Dessin de Carolyn Carlson, encre de Chine sur papier vélin : The wolf looked out, 1995, 57,5 x 77cm, courtesy Carolyn Carlson et Galerie Isabelle Gounod. Sélection Master Now / Drawing Now 2020.
Dessin de Carolyn Carlson, encre de Chine sur papier vélin : The wolf looked out, 1995, 57,5 x 77cm, courtesy Carolyn Carlson et Galerie Isabelle Gounod. Sélection Master Now / Drawing Now 2020.

 

L.H.: Quand le public découvrira-t-il votre œuvre dessiné ?

C.C. : La galeriste Isabelle Gounod a choisi mes œuvres calligraphiques avec poèmes pour le Salon du dessin contemporain, Drawing Now. C’est avec un regard attentif et avisé qu’elle a fait sa sélection personnelle. Nos relations partagent le même esprit. En raison de l’annulation du salon cette année, nous prévoyons une exposition à l’automne, j’en suis très honorée.

 

L.H. : Pour conclure, vous êtes en permanence une artiste au travail...

C.C. : « Je ne pourrais pas dire pourquoi je fais tout ça : danser, enseigner, chorégraphier, écrire, dessiner... La nécessité de créer est inhérente à chaque artiste dans son épanouissement. Si l’on cherche le secret de n’importe quelle forme d’art, tout est contenu dans l’inexplicable et énigmatique amour pour son travail. Le désir de laisser une trace, chaque forme d’art est un voyage, un souvenir... Vu verticalement, c’est une profonde ascension vers le royaume du mystère. Vu horizontalement, c’est un vaste étirement du temps et de l’espace. Vu en cercle, sans commencement ni fin. Chaque forme d’art comporte une pulsion de vie. Je citerais une très belle phrase de Kandinsky : Ce que chacun voit et ressent est la preuve de la validité d’un acte. Il n’y a aucune raison de chercher à définir ce qui est éphémère, ce qui par nature est indescriptible (5). » (6)

L’Art est un langage universel partageant une myriade de formes d’expression, où chacun peut se sentir partie d’une danse cosmique, un poème stimulant l’imagination, une image révélant une pensée, une musique invitant au voyage intérieur.

Comme l’observé, l’observant tisse des fils dans sa propre tapisserie unique d’expériences collectives.
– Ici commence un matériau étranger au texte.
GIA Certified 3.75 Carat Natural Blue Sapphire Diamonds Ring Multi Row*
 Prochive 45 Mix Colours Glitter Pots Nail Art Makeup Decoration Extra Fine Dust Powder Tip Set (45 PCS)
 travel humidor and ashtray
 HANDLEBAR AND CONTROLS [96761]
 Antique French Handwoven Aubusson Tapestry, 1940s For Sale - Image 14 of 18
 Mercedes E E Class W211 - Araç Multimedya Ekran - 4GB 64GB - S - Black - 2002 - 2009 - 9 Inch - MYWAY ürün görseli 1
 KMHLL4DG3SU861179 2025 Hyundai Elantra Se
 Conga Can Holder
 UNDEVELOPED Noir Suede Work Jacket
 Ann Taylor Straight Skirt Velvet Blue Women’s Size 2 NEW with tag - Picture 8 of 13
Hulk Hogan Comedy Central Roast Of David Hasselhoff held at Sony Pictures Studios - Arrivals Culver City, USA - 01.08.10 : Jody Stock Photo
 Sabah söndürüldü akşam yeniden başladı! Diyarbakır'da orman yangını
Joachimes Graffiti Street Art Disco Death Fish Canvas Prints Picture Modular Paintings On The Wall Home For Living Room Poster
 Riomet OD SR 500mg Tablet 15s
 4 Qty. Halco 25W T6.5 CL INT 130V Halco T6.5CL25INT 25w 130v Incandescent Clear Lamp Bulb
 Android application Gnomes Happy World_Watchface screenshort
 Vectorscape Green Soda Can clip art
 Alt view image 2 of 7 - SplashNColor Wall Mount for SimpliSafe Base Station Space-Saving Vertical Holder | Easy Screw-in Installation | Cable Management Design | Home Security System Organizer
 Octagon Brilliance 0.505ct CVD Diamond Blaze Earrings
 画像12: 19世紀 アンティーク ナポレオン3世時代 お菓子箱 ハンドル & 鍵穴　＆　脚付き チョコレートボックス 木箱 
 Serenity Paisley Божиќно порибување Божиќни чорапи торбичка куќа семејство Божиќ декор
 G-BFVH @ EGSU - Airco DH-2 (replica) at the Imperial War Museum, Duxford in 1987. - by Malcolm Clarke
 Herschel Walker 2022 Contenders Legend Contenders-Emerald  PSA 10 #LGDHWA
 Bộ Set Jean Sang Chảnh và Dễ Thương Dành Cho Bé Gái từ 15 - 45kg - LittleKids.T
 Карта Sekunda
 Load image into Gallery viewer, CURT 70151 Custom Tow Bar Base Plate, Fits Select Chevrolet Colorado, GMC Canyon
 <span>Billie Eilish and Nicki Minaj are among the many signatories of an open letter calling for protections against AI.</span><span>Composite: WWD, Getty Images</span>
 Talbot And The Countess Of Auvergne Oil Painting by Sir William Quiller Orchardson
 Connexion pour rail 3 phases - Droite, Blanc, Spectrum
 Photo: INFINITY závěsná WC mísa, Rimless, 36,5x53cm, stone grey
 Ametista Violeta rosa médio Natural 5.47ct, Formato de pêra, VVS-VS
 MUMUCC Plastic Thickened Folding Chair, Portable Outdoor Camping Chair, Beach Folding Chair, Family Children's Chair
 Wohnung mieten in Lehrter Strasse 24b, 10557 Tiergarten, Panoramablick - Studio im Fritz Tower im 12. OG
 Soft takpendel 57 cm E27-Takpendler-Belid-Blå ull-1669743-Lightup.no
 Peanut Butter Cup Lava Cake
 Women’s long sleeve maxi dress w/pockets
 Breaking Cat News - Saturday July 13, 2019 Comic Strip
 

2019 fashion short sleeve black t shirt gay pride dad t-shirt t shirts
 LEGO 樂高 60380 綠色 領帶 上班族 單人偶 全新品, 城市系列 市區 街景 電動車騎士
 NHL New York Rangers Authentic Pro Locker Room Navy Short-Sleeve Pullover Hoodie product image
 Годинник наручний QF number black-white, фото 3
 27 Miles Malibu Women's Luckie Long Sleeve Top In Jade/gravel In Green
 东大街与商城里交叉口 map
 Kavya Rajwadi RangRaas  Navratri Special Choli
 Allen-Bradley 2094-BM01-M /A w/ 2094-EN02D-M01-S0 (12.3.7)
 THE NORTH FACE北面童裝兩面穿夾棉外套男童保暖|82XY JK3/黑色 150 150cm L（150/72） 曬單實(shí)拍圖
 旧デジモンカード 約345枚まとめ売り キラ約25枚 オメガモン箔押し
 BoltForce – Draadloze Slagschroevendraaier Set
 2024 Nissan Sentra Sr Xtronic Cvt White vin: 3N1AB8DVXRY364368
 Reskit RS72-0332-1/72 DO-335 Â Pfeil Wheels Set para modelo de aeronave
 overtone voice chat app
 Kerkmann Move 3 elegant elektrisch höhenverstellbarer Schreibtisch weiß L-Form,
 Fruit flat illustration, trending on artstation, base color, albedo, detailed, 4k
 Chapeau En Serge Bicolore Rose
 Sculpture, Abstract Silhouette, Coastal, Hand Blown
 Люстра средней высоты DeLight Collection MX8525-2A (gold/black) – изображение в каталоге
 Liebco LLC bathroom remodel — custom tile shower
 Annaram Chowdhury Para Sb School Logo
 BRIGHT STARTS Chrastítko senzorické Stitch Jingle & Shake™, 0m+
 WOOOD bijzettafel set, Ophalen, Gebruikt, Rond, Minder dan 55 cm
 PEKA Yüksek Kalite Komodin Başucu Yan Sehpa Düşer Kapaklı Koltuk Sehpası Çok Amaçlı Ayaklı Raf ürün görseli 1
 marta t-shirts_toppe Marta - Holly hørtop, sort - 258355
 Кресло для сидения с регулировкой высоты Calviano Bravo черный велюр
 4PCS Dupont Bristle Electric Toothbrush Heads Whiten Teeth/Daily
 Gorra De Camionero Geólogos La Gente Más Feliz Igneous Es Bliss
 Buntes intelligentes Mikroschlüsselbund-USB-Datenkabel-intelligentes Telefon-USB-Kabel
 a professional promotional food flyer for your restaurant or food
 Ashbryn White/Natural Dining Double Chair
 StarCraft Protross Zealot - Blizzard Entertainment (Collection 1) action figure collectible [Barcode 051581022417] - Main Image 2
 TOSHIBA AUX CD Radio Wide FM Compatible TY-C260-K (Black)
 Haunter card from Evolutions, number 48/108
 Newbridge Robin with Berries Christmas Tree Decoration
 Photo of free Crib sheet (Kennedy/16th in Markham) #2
Mes œuvres sont ouvertes, laissant aux spectateurs le soin de créer leurs propres histoires.

Percevoir, c’est être ému en voyant à l’intérieur de ce qui est. Seul l’Amour est l’immense énergie.

 

 

* Une femme aux multiples visages.

1. Carl Jung, Aion. Researches into the Phenomenology of the Self, Bollungen serie XX, Princetown University Press, 1959, p. 11.

2. John Daïdo Loori, « Préface » , in Audrey Yoshiko Seo, Ensõ. Zen Circles of Enlightement, Weatherhill, Boston et Londres, 2007, p. 15.

3. Extrait de Writings on water, catalogue de l’exposition, musée la Piscine, Roubaix, entretien avec Hélène de Talhouët, Actes Sud, 2017.

4, 6. Extraits de Writings on water, catalogue de l’exposition, musée la Piscine, Roubaix, entretien avec Hélène de Talhouët, Actes Sud, 2017.

5. Vassily Kandinsky, Concerning the Spiritual in Art, Dover Publications, 1912.